United States female death row inmate gets eleventh-hour stay of execution
- par Thibaud Popelin
- dans Monde
- — Jan 12, 2021
A Kansas inmate convicted of murdering a young pregnant woman then cutting her open to steal her baby is scheduled to become the first woman executed by the federal government in almost 70 years.
Montgomery, now aged 52, was due to be executed on Tuesday at the Federal Correctional Complex in Terre Haute, Indiana. In 2004, Montgomery strangled Stinnett, who was eight months pregnant, cut her fetus from the womb and tried to pass the surviving baby off as her own. She drove from Kansas to the pregnant woman's home in Skidmore, Missouri, then posed as a potential buyer of a puppy Stinnett was selling.
Bobbie-Jo Stinnett was strangled before her baby was stolen.
She was arrested the next day after showing off the premature infant, Victoria Jo, who is now 16 years old and hasn't spoken publicly about the tragedy.
Separately, the U.S. Circuit Court of Appeals for the District of Columbia issued another stay in Montgomery's case for an appeal related to the Justice Department's execution protocols and said briefs must be fully filed in that case by January 29, raising the prospect her execution could be delayed until after President-elect Joe Biden takes office. They have called the decision to execute her a "profound injustice".
"The Court was right to put a stop to Lisa Montgomery's execution", her attorney, Kelley Henry, said in a statement.
Henry claims that Montgomery was a victim of sex trafficking when she was a child and as a girl was also gang-raped by several men.
Her stepfather denied the sexual abuse in video-taped testimony and said he didn't have a good memory when confronted with a transcript of a divorce proceeding in which he admitted some physical abuse.
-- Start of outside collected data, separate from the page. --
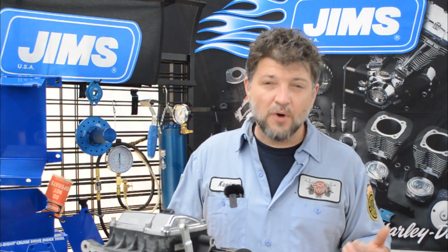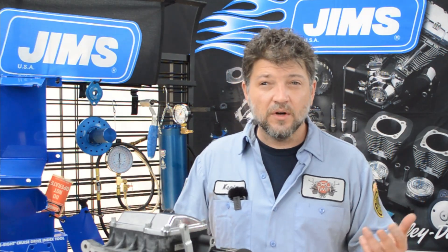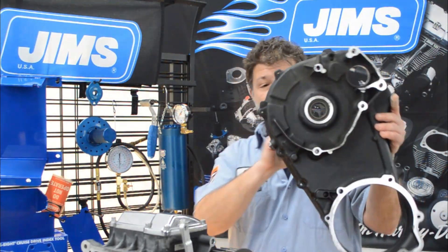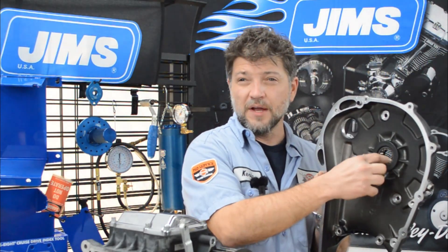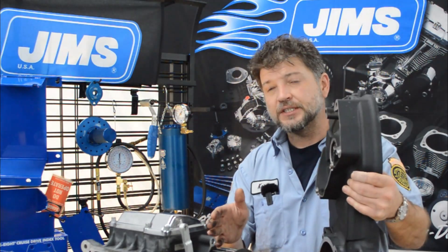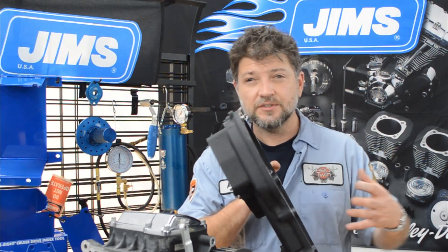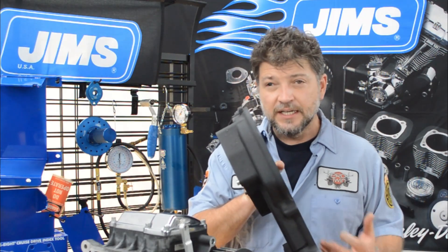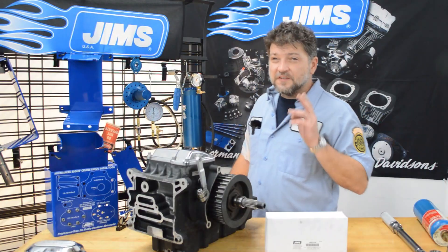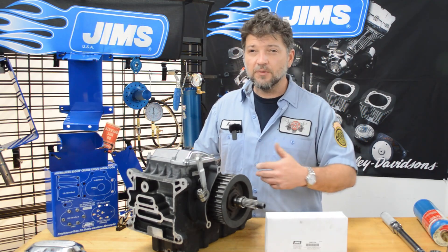The main shaft or primary bearing race actually serves two purposes. One, it works with the inner primary bearing to support the main shaft of the transmission. On one side of this bearing is the transmission; on the other side is the entire primary drive — your clutch, the chain, the compensator, and so on. So this bearing does take a lot of abuse. The second purpose is to provide a sealing surface for your inner primary seal.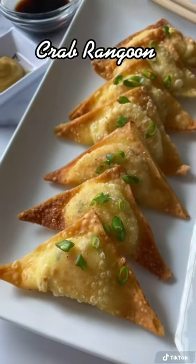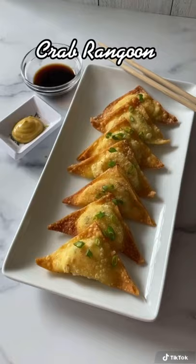Crab Rangoon was one of the first recipes I learned back in high school, and my friends and I used to always make them. Here's the recipe.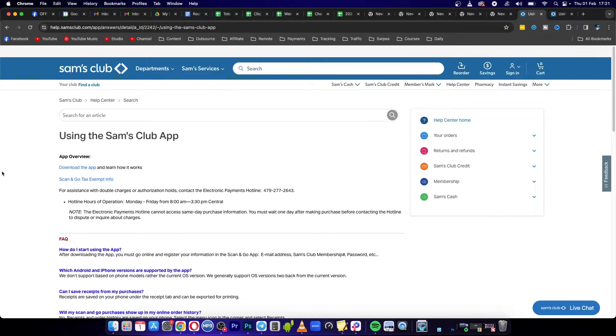Welcome to this video on how to add your Sam's Club card to Apple Wallet. Is this even possible? We're going to explore everything about this in this video. I'm on the official help center of Sam's Club, which gives you all the information regarding Sam's Club, the app, and everything like that.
In 2007, she was convicted of kidnapping resulting in death and handed a death sentence.
Montgomery called her husband later in the day to pick her up in a Long John Silver's parking lot, telling him she had delivered the baby earlier in the day.
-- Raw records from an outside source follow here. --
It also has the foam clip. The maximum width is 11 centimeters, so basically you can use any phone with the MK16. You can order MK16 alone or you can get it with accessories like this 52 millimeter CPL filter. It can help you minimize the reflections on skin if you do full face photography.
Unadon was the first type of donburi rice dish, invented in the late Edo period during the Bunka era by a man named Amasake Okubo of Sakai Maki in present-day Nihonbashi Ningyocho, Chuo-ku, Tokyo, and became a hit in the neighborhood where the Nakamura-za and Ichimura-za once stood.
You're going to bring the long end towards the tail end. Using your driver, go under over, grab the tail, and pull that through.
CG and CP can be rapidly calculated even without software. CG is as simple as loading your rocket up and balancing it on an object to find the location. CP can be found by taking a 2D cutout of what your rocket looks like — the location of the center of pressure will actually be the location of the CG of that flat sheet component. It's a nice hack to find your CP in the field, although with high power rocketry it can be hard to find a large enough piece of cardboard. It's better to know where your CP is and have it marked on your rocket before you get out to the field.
She eventually confessed, and the rope and bloody knife used to kill Ms Stinnett were found in her auto.
A search of her computer showed she used it to research caesareans and order a birthing kit.
Ms Stinnett's husband, Zeb, told jurors his world "crashed to an end" when he learned his wife was dead. That slaying was chronicled in a book, "In Broad Daylight", as well as a TV movie, the film "Without Mercy" and the miniseries "No One Saw a Thing".
Recently, on Victoria Jo's birthday, Stinnett's widower sent Strong a message thanking him.
"I just wept", Strong recalled. They want to be left alone. They didn't want this. Montgomery's lawyers argue that her date is inconsistent with Missouri law and violates the Federal Death Penalty Act.
She was originally scheduled to be put to death on December 8, but the execution was temporarily blocked after her attorneys contracted the coronavirus after visiting her in prison.
Despite the decline of capital punishment in the United States and around the world, Trump's administration resumed federal executions in July after a 17-year hiatus and has been carrying them out at an unprecedented rate ever since.